> **Task description**
What lines of the material hold the string "that"? Pull each of them out.

> **Source material**
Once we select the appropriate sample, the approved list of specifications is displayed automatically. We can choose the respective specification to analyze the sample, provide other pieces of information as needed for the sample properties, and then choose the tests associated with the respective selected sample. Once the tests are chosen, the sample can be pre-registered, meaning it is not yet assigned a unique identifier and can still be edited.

==

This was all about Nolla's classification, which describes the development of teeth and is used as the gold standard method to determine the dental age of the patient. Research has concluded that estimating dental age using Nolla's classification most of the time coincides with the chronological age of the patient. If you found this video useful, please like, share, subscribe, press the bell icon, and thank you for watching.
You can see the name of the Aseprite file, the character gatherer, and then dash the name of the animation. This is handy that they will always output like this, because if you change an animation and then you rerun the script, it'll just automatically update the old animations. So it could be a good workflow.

--

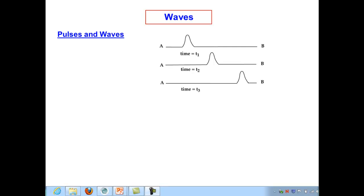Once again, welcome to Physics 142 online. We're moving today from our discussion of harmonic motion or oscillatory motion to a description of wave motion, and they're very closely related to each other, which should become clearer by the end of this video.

> **Output of the task**
This was all about Nolla's classification, which describes the development of teeth and is used as the gold standard method to determine the dental age of the patient. Research has concluded that estimating dental age using Nolla's classification most of the time coincides with the chronological age of the patient. If you found this video useful, please like, share, subscribe, press the bell icon, and thank you for watching.
You can see the name of the Aseprite file, the character gatherer, and then dash the name of the animation. This is handy that they will always output like this, because if you change an animation and then you rerun the script, it'll just automatically update the old animations. So it could be a good workflow.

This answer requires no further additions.